--- Records for processing Enclosed Below ---
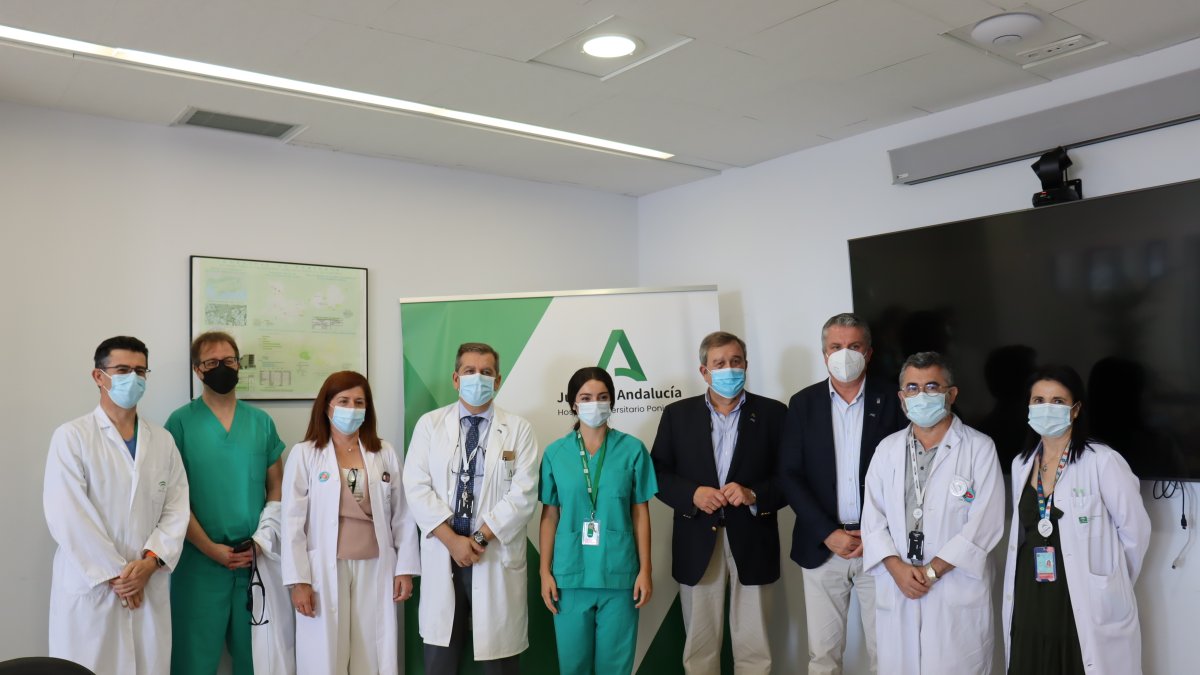 Isabel Montes, en el centro, junto al delegado y responsables del Hospital de Poniente.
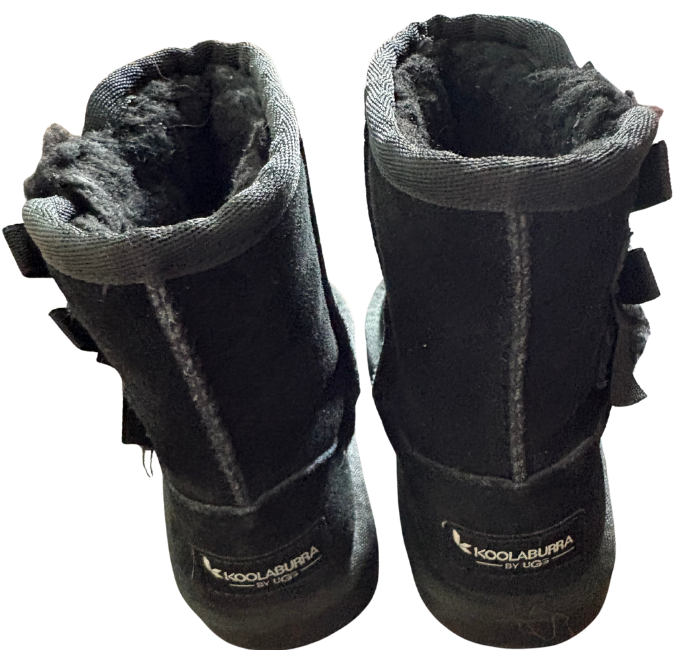 Winter Boots - Size 9 (UGG)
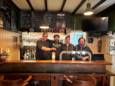 De nieuwe eigenaars van café In Den Hemel. De vijfde eigenaar is ook vaste klant maar blijft liever anoniem. Vlnr.: Stef, Simon, Dieter, Fre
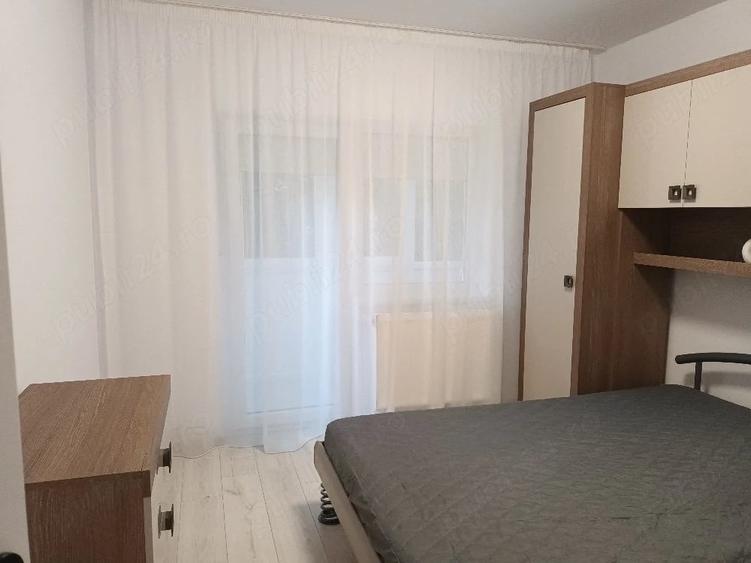 Apartament cu 3 camere decomandat în Micro 17
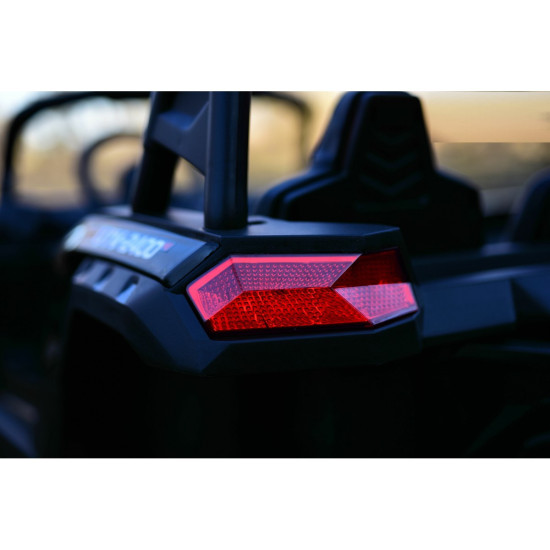 Battery-powered Big Buggy 24V two-seater with leather seat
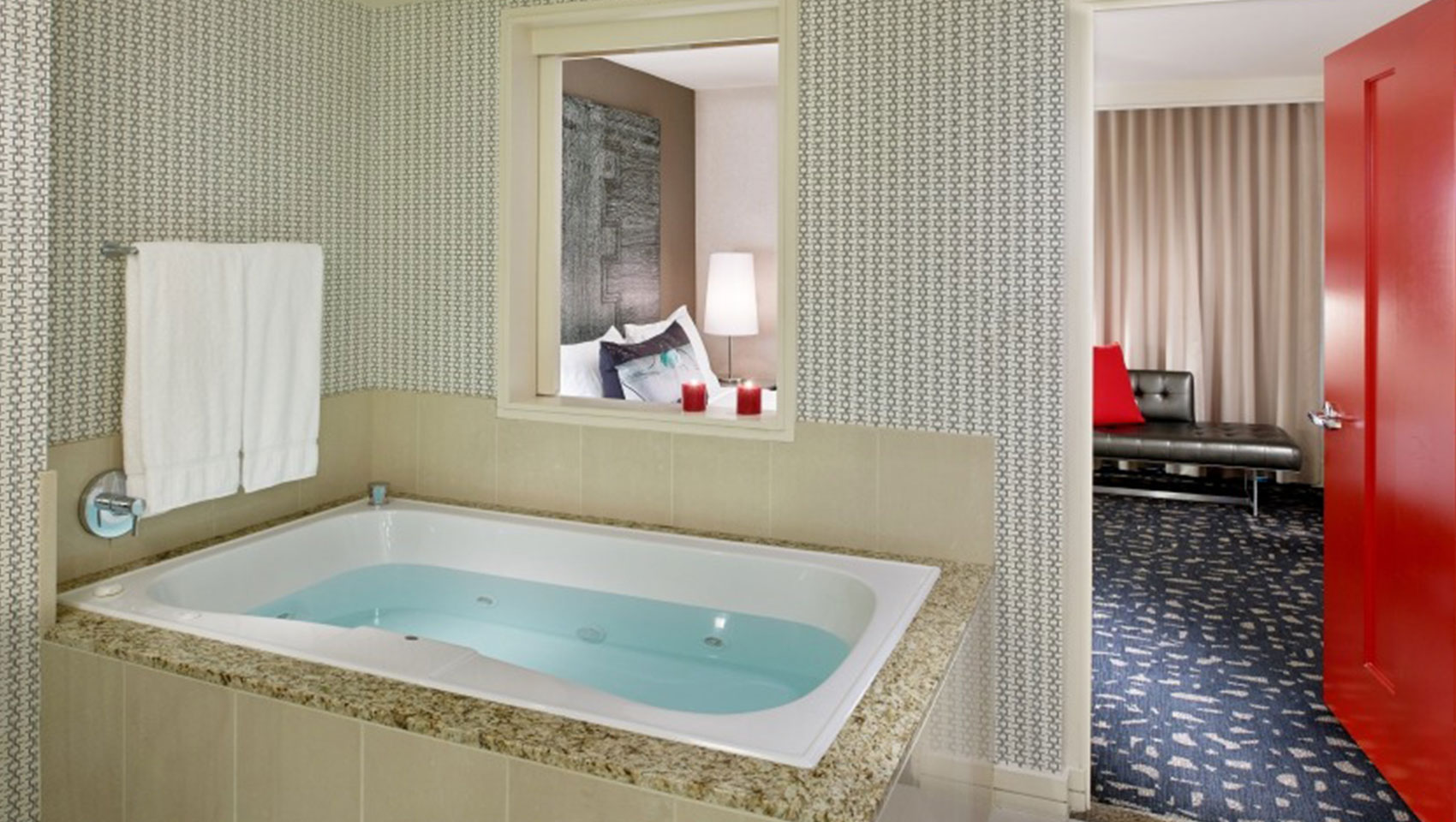 Suite Soaking Tub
--- End of Enclosed Records for processing ---
> **Problem description**
Go through the listing above and write it all out exactly, leaving out any picture.

> **Exercise solution**
 Isabel Montes, en el centro, junto al delegado y responsables del Hospital de Poniente.
 Winter Boots - Size 9 (UGG)
 De nieuwe eigenaars van café In Den Hemel. De vijfde eigenaar is ook vaste klant maar blijft liever anoniem. Vlnr.: Stef, Simon, Dieter, Fre
 Apartament cu 3 camere decomandat în Micro 17
 Battery-powered Big Buggy 24V two-seater with leather seat
 Suite Soaking Tub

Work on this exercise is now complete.